We've all heard of Barbie, right?
I've been a fan of Barbie dolls my whole life. I had way too many to count, a couple of houses, cars, and the little airplane. Barbies were my favorite dolls to play with when I was little because, honestly, every other doll freaked me out.
How much do we know about Barbie dolls? Here's a mini history lesson:
- Barbie made her debut on March 9, 1959.
- She is named after the creator's daughter: Barbara.
- Barbie's real name is Barbara Millicent Roberts.
- This doll's image has been changed throughout the years.
- Here's a picture of the first Barbie ever:
Here's a picture of a recent Barbie doll:
Yeah, they've changed.
There has been a problem with Barbies for the last... I don't know how many years. First they were only Caucasian, then, the first "colored" Barbie came out in 1967. The word "colored" is in quotation marks because, according to many people, this doll didn't have African-American features. Now Barbie has different looking dolls, including the ones that are from different countries around the world.
There's another big problem, which is the one I want to address. According to many people, including body image expert Marci Warhaft-Nadler, “Barbie sends our girls one message, and it’s this: ‘You can do anything and you can be anything—as long as you look like this: very tall, very thin, very Caucasian, and very beautiful.'”
Do I agree with her? No.
Let's look at the typical Barbie doll next to the "normal" Barbie doll:
We can all see that the typical Barbie doll is very skinny, very tall, has a big head, etc. She is a doll. She looks like a typical doll.
And then, we see the "normal" Barbie and she looks like people do in real life. I think the one in the picture is suppose to look like an average 19-year old does.
This is my problem with the "normal" Barbie and people that think that Barbies are not good dolls for children:
Barbie dolls have always looked unrealistic. We're not supposed to look like Barbie dolls. When I was little, I didn't think about the way I was supposed to look like when I grew up because I was too busy thinking if Barbie and Ken should get back together because Kelly, Barbie's little sister, was sad! I understand that the media today can suck because they set expectations for women and the world is different than it was in the late 1990s and early 2000s. But dear ladies of the world, we should not, I repeat, SHOULD NOT let the media, ESPECIALLY BARBIE DOLLS, get to us! We are stronger than that. We look however we want to look. Barbie's big thing was "be who you want to be", meaning you can have any job in the world. Equality in the work place! Yeah, feminism! Barbie was everything! She was a doctor, a teacher (I had this one!), a chef, and many other things. I believe that what Marci Warhaft-Nadler said in her book, is not 100% correct. Yes, you can be whoever you want to be, but you don't have to look like the tall, skinny, Caucasian doll. There are plenty of different looking Barbie dolls out in the world right now, so calm down, Marci.

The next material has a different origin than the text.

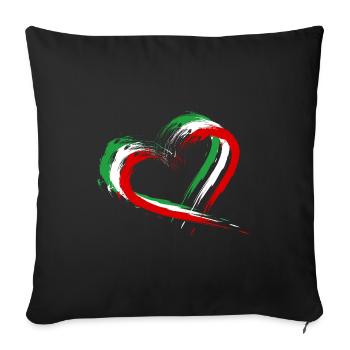 Iran flag heart colors - Sofa pillowcase 17,3'' x 17,3'' (45 x 45 cm) - black - Front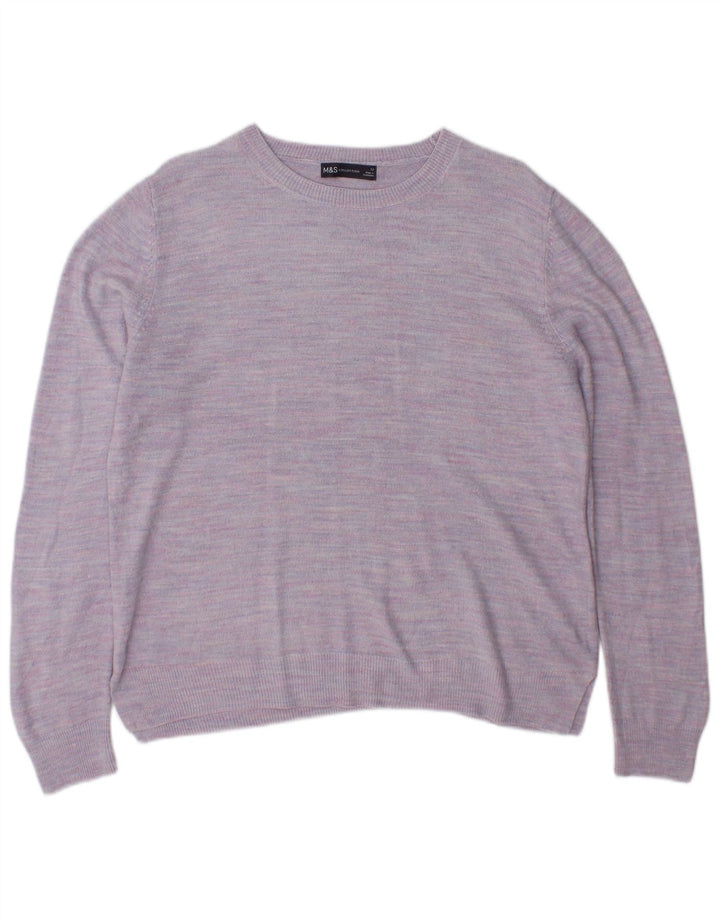 Marks & Spencer Womens Crew Neck Jumper Sweater UK 12 Medium Purple Flecked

Let's take a look at famous women with Barbie doll proportions to prove my point that NOBODY should think that they should look like Barbies.
I believe that if parents are scared that their children will want to look like Barbie dolls, let them know! Go ahead and tell them that Barbie is a doll and that we are humans and are not supposed to look like a doll. I also believe half of the kids playing with dolls don't think "hmm, I need or should look like my doll" because they're busy trying to make up a story with their toys. Trust me, I remember what it was like to play with Barbies. It was fun. Never in my life did I think that women are supposed to look like the "perfect Barbie doll".
Let's not take our anger out on Barbie.